Van Gogh paintings are brought to life so that the actors, rotoscoped and then painted, move around in them, an amazing and pleasing effect. LOVING VINCENT employed a team of 125 artists over six years to hand-paint in oil recreations of Van Gogh paintings and the images of the actors in this unusual film. The film’s 65,000 frames feature 125 of Van Gogh’s paintings, starting with the famous “Starry Night.” Using a title taken from a signature, “your loving Vincent,” on Van Gogh’s letters to his brother Theo, LOVING VINCENT explores the life and art of Van Gogh through a sort of detective story.

This joint British – Polish production used a cast of mostly-British actors in roles based on real people from Van Gogh’s life. Douglas Booth plays the main character Arnaud, the son of Van Gogh’s postman and friend in Arles, Joseph Roulin (Chris O’Dowd). Arnaud’s father sends him on a journey to deliver Vincent’s last letter but the young Arnaud finds himself drawn into trying to uncover the facts behind the artist’s death. On his quest, Arnaud walks through a series of Van Gogh’s famous paintings, talking to various people who knew the artist. Arnaud’s journey takes him from Arles to Paris to Auvers-sur-Oise. Among those he meets are the painter’s physician Dr. Paul Gachet (Jerome Flynn, GAME OF THRONES’ Bronn), the doctor’s daughter Marguerite (Saoirse Ronan), his housekeeper Louise (Helen McCrory), the daughter of Van Gogh’s last landlord Adeline Ravoux (Eleanor Tomlinson, Demelza on BBC’s POLDARK ), and a boatman who knew him (Aiden Turner, who plays the lead on POLDARK).

 

Full disclosure here: As the daughter of an artist, a painter who worked in oil, I am a soft touch for anything about Van Gogh as well as intrigued by anything like this kind of ambitious cinema project. Given that the artist is one of the most popular, the film should generate wide interest, which is well rewarded in this remarkable film. The oil painting technique creates vibrant images, and the chance to move through the famous paintings is nothing less than spectacular. Van Gogh’s vivid use of color and bold brush strokes readily lends itself to this unique animation project.
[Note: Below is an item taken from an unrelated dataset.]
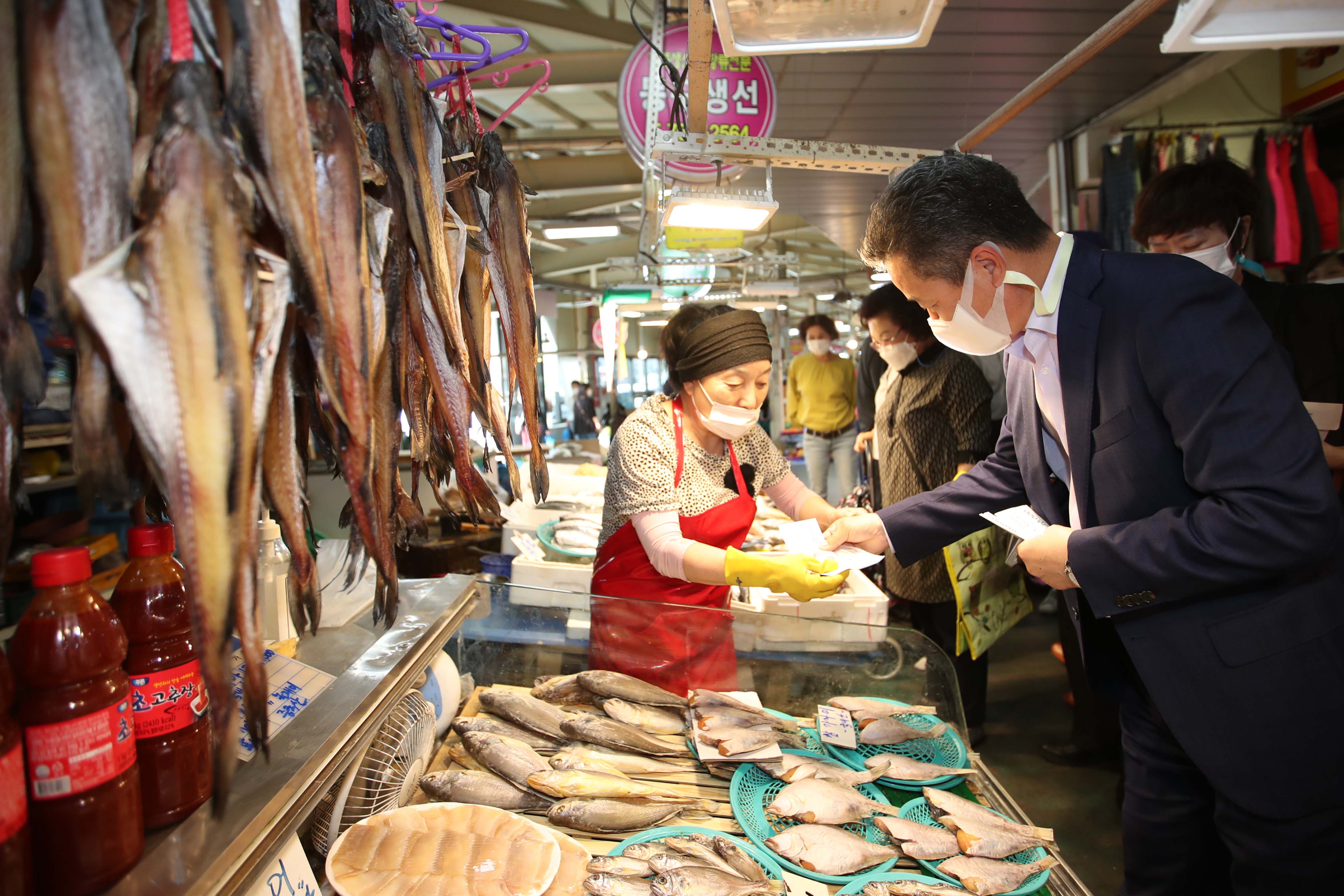 20200929_추석_명절맞이_장보기_행사16.jpg 이미지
The actors are animated using a rotoscope technique, which captures the movement of their features, but each actor is also made up, costumed and in character of a person painted by Van Gogh, which makes their placement in this lovely landscape feel right. Watching the semi-animated actors move through the Van Gogh’s paintings is immensely appealing, a permanent delight of this film. Most of the film is in color, but a few flashback scenes are rendered in black and white, although still reproducing the artist’s signature style. It is a wonderful immersive experience and a visually beautiful film.

 

If the film had nothing else, it would be worth seeing for its sheer visual beauty. But the film does have more than its lush images, with a clever story that keeps the audience involved in the film while giving a short overview of Van Gogh’s life. The mystery story is involving and the fine cast give evocative performances, so the blending of cinema art and oil painting is perfect.

This wonderful film is an ambitious undertaking but it succeeds marvelously. LOVING VINCENT is a film best seen on a big screen, to fully appreciate all it offers. LOVING VINCENT opens Friday, October 27, at Landmark Theater’s Plaza Frontenac Cinema.